Reinforcement learning is a field of AI that deals with autonomous agents receiving inputs and taking actions within an environment. Training these agents involves a reward function – also known as a Q-function – which signals how much reward an agent can expect from taking an action at a specific state. Through multiple rounds of training, an agent learns to take the most optimal actions over time. However, one of the challenges is dealing with inputs with high dimensionality, such as video, audio, and other sensory feedback. For this reason, examples of reinforcement learning in real-world applications such as robotics are still relatively sparse.

In this paper, the authors introduce the concept of Deep Q-Networks (DQN), which applies the deep learning approach from AlexNet to approximate the Q-function for an agent playing video games on the Atari 2600. The approach successfully outperformed previous approaches in 6 out of 7 games and, in some cases, performed better than humans.

To date, reinforcement learning has seen the most success in games, the most popular of which would probably be AlphaGo. However, another increasingly common use of reinforcement learning today is fine-tuning large language models like ChatGPT, in which humans serve as the “reward function” by giving feedback on an LLM’s responses.

2014 – Generative Adversarial Networks

Paper: Generative Adversarial Networks

The fundamental idea behind generative adversarial networks (GANs) is having 2 neural networks – a generator and a discriminator – which compete against each other. The generator aims to create data that can “fool” the discriminator into classifying it as real, while the discriminator’s goal is to correctly differentiate between real and generated data. Both networks will improve with training over time, and through this process, we will be able to create models that generate highly realistic data such as images, audio, and video.

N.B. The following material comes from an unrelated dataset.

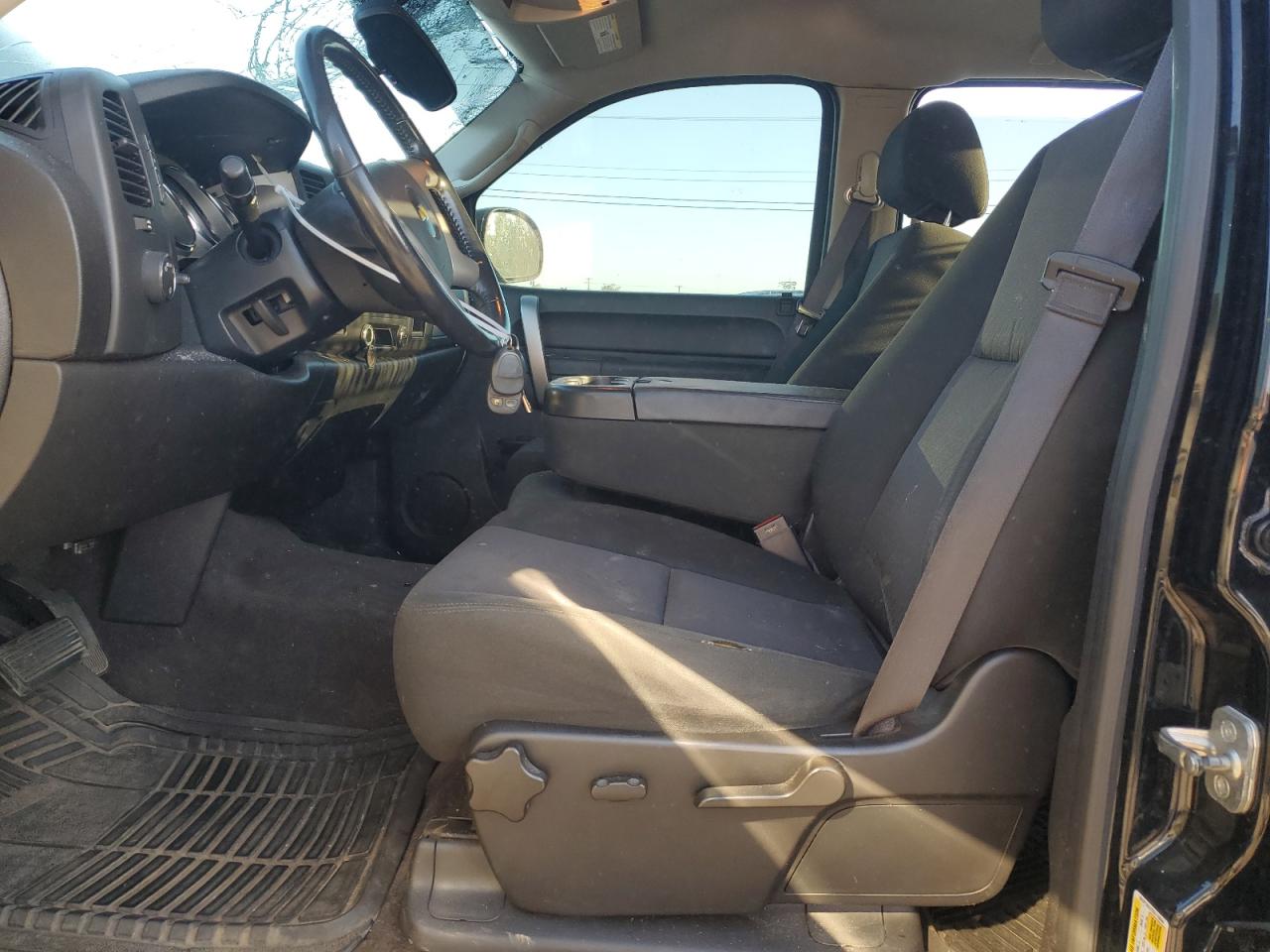 2013 Chevrolet Silverado - Image 7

Forms the basis behind early approaches to generative AI text-to-image models like Midjourney, DALL-E and Stable Diffusion. Generative AI continues to be a heavily researched topic today, with offerings such as OpenAI’s Sora pushing the bounds of what was traditionally thought possible.

2017 – Transformers and Large Language Models


“Attention is all you need” was a seminal paper introducing the Transformer architecture and the attention mechanism, which has now become widely used in NLP and building language models. Where previous approaches to processing input sequences treat each word with equal importance, the attention mechanism can focus on the most relevant aspects of the input and give them a higher weight. Additionally, transformers are able to process input sequences in parallel, as opposed to the sequential operations that were necessary when using previous state-of-the-art recurrent neural network (RNN) approaches.

In a later paper “Language models are few-shot learners”, researchers at OpenAI explain the architecture of GPT-3. Its model was based on the transformer architecture just like its predecessor, GPT-2. The biggest difference between the 2 models, however, was scale. GPT-3 was trained with 175 billion parameters on about 570GB of text data, compared to GPT-2 with 1.5 billion parameters and 40GB of data. This proved to have a significant impact in the model’s overall performance. GPT-3 was able to generate high-quality responses in a wide range of domains that it was not purposely trained for. This trait is also known as few-shot learning, which refers to the ability of models to generalise and adapt to new domains with relatively sparse training data. At this point, the success of GPT-3 is well-known far beyond the AI community and has laid the foundations for ChatGPT and ongoing research into LLMs today.

The past few years have seen many exciting advancements in AI, as companies and research institutions continue to release new publications, products and features. At Knovel Engineering, we place a strong focus on integrating cutting-edge AI research into the solutions we develop. Recently, we emerged 3rd out of 182 shortlisted teams in a Large Language Model (LLM) Efficiency Challenge organised by NeurIPS.

Keen to find out more about our company’s innovations? Follow us on LinkedIn and stay tuned to learn more about our tech stack capabilities!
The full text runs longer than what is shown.